Task data
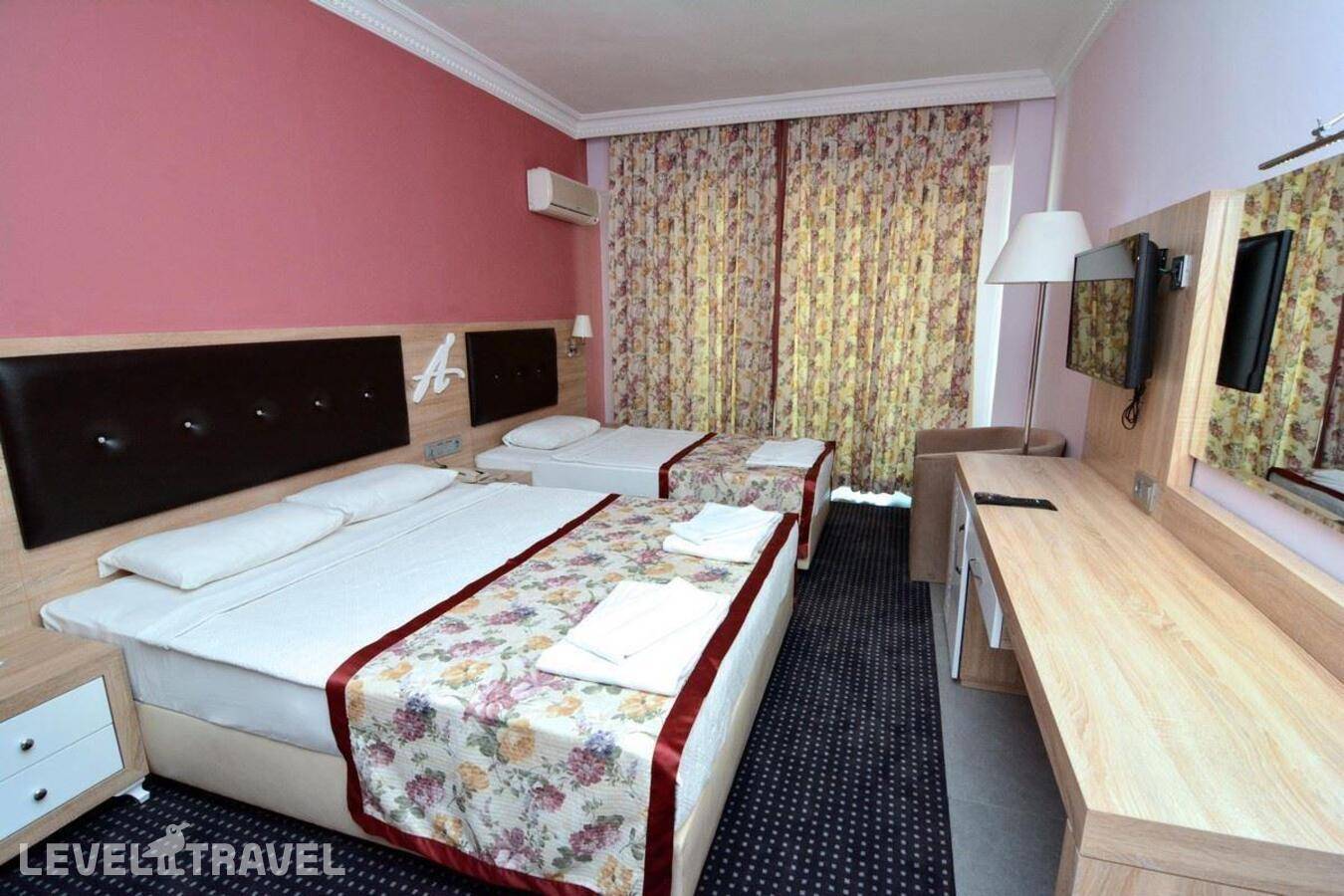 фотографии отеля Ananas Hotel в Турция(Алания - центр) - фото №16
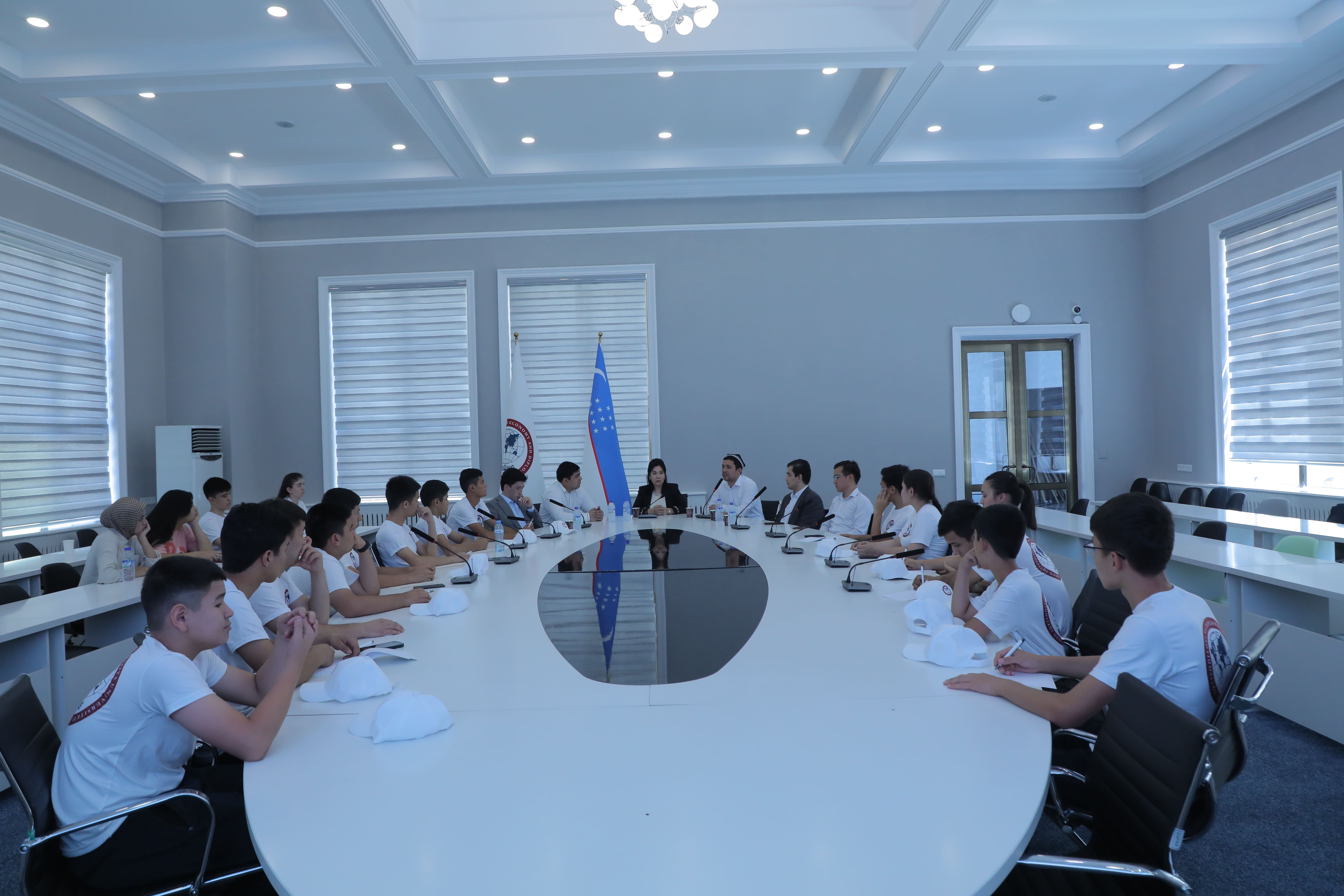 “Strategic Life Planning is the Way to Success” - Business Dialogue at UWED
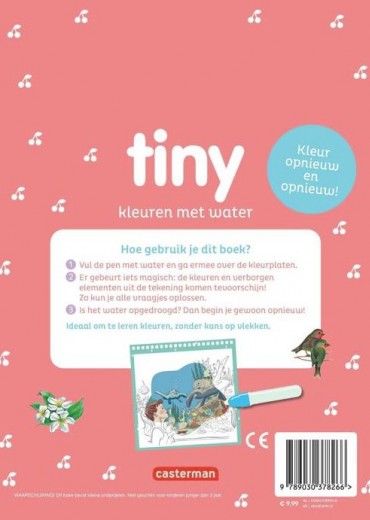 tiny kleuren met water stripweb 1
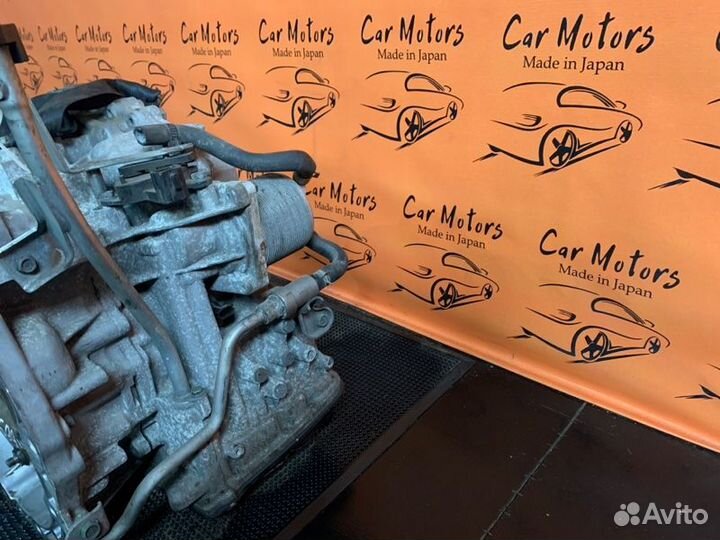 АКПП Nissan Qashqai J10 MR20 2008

---

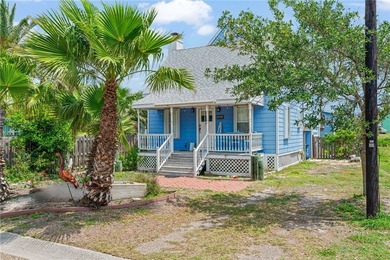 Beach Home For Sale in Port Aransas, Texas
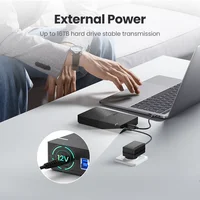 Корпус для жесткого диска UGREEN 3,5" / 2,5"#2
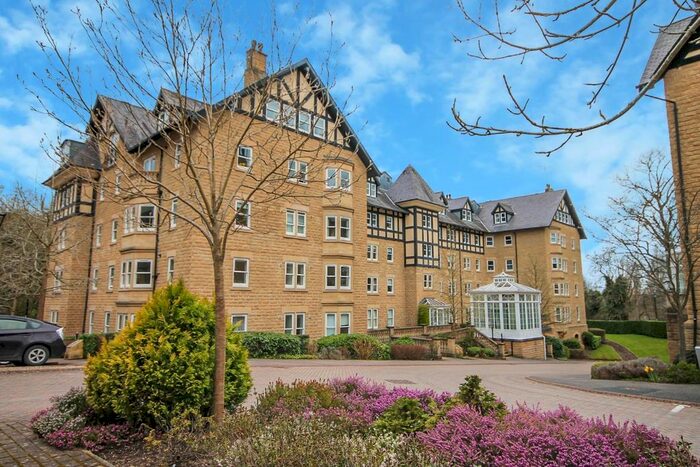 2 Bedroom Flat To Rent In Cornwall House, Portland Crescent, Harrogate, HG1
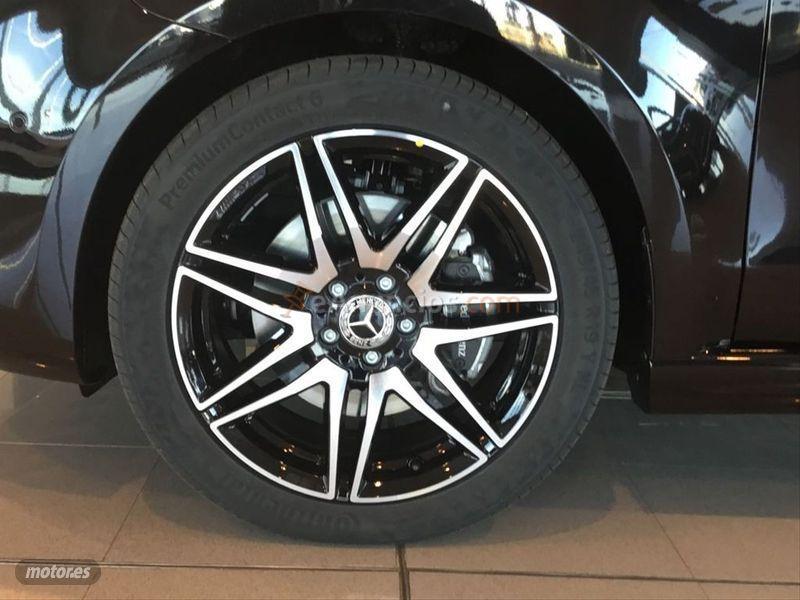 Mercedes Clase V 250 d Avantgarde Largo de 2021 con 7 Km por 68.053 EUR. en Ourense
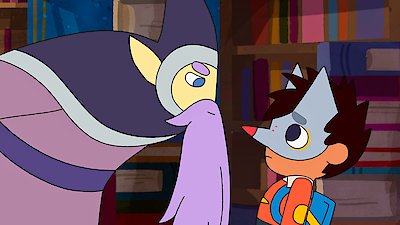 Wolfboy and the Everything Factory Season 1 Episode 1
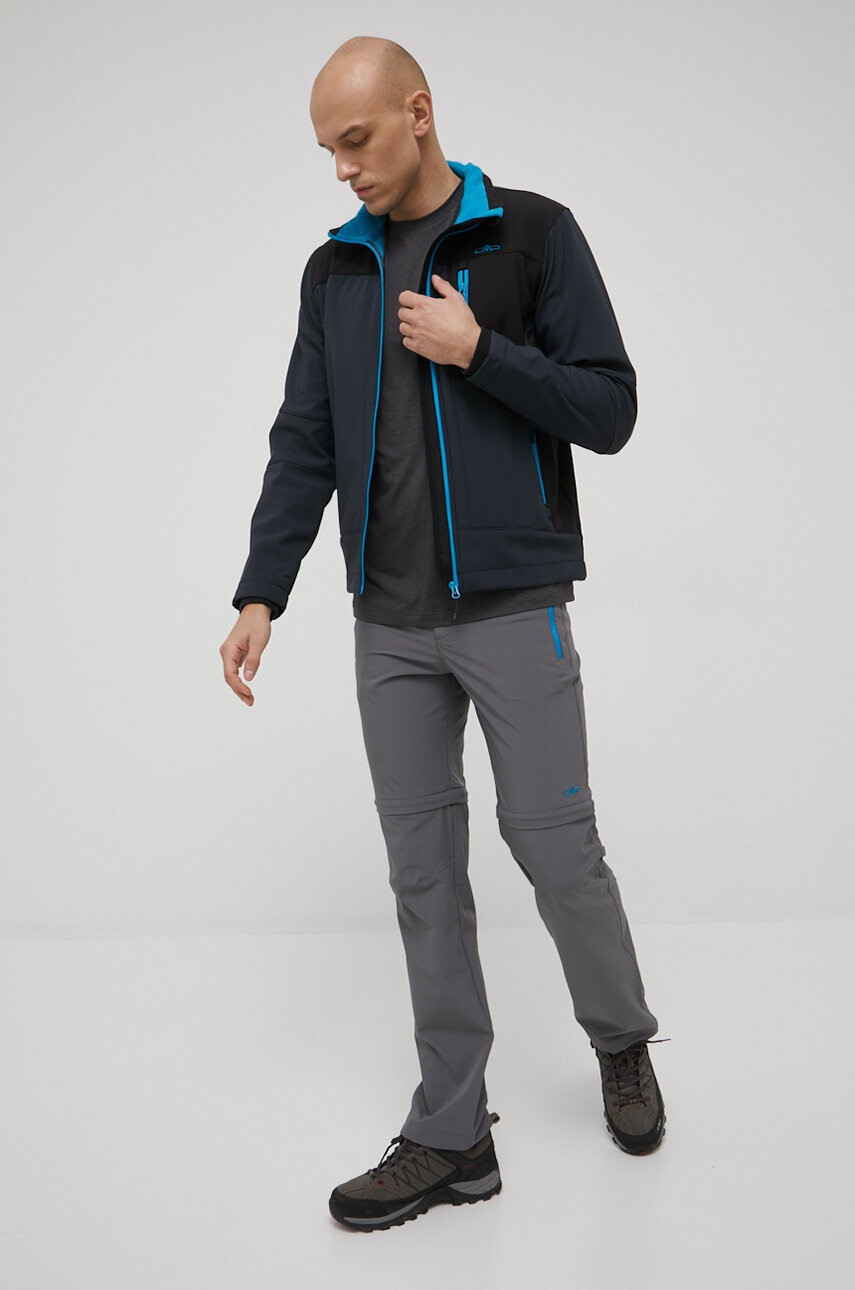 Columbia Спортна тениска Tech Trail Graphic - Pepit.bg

---

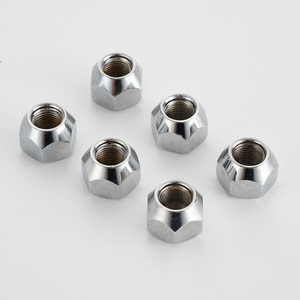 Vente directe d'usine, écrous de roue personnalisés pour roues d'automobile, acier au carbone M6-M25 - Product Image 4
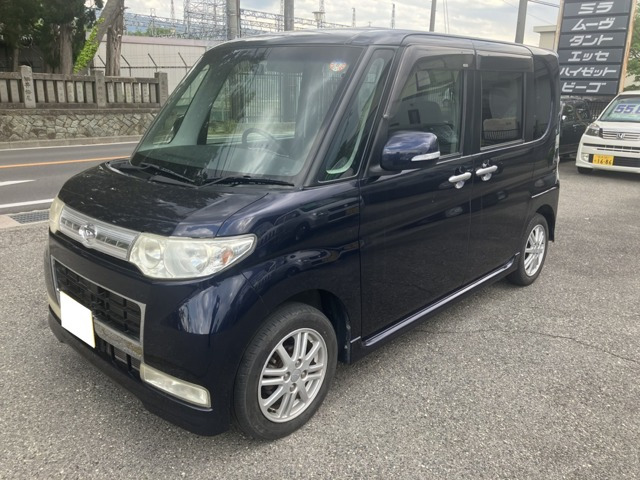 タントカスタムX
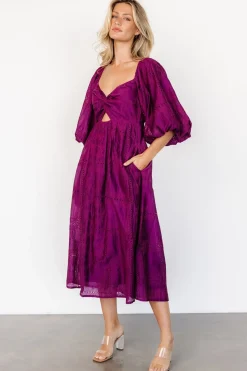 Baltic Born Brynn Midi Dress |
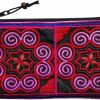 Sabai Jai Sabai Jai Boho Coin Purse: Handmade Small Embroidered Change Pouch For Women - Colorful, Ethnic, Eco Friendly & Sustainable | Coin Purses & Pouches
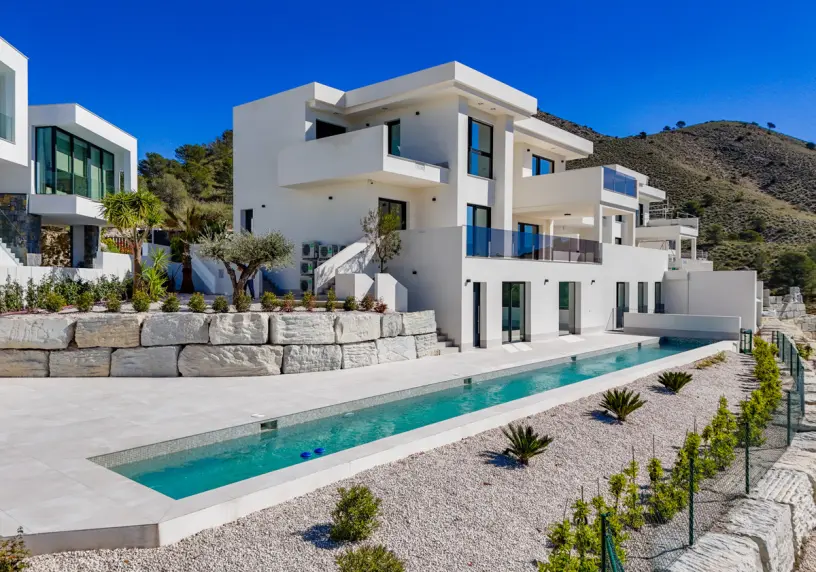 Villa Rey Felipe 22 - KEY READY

Work required
Taking the entries above, extract every line from the one bearing "2 Bedroom Flat" through the one bearing "Columbia Спортна тениска", exactly, with no pictures.

Your solution
 2 Bedroom Flat To Rent In Cornwall House, Portland Crescent, Harrogate, HG1
 Mercedes Clase V 250 d Avantgarde Largo de 2021 con 7 Km por 68.053 EUR. en Ourense
 Wolfboy and the Everything Factory Season 1 Episode 1
 Columbia Спортна тениска Tech Trail Graphic - Pepit.bg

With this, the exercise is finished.